Structure-aware semantic chunking, minus the heavyweight stack.
Project description
smantic
Structure-aware semantic chunking, minus the heavyweight stack.
Good retrieval starts with good chunks. A chunk that staples two unrelated ideas together poisons its embedding. A chunk that splits a thought in half loses the context that made it useful. Most splitters cut every N characters and hope for the best. smantic cuts at the seams the document already has.

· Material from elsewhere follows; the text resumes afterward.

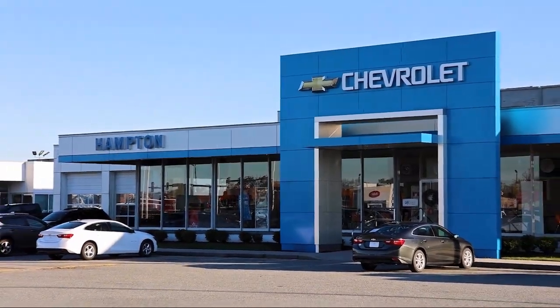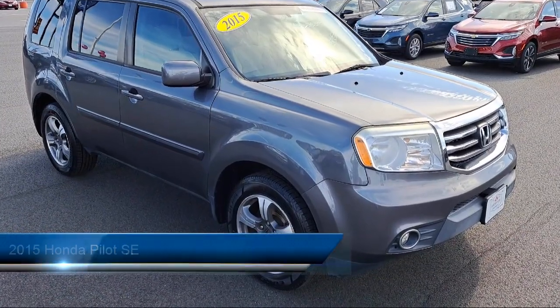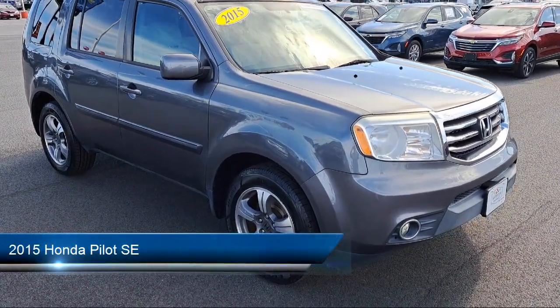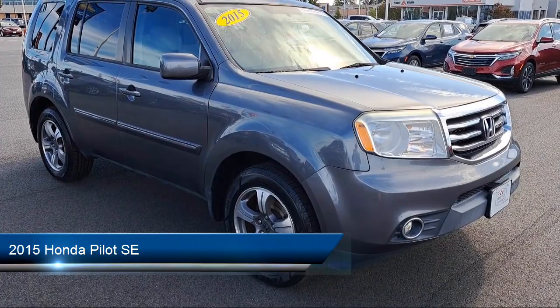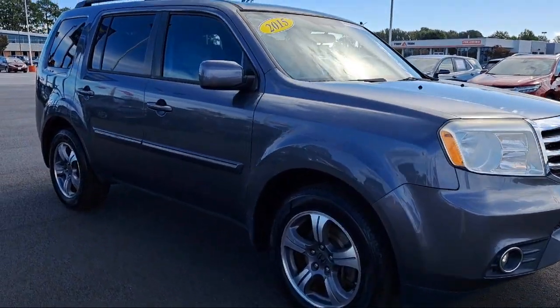Welcome to First Team Hampton Chevrolet, and here's a look at one of our great vehicles for sale. It comes equipped with a mini overhead console with storage, four-way passenger seat with manual recline, and dual stage driver and passenger seat mounted side airbags.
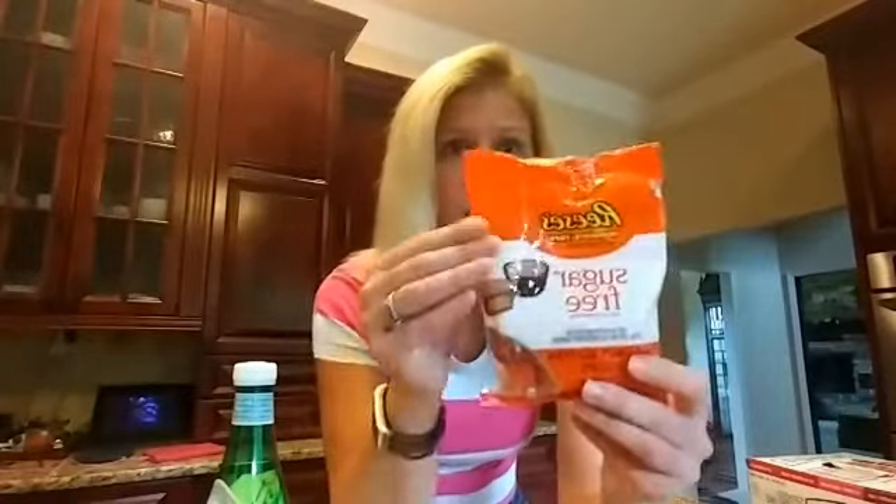Not to be outdone — Reese's sugar-free peanut butter cups. You didn't think you could have peanut butter cups anymore? For one net carb you can eat three of them. Halloween is just around the corner — mind you, I started my keto journey on Halloween, so it's possible. All of these are available at your local Target, not even a super Target.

It keeps code, tables, and formulas intact (splitting only the big ones, by AST
or row group or equation), finds real topic boundaries inside prose using
sentence embeddings, tracks the heading trail, and merges the runts. It does all
of that with no torch, no transformers, and no paddle. The semantic model is
all-MiniLM-L6-v2 running on plain onnxruntime plus the Rust tokenizers
library, so the whole thing installs small and runs on any CPU.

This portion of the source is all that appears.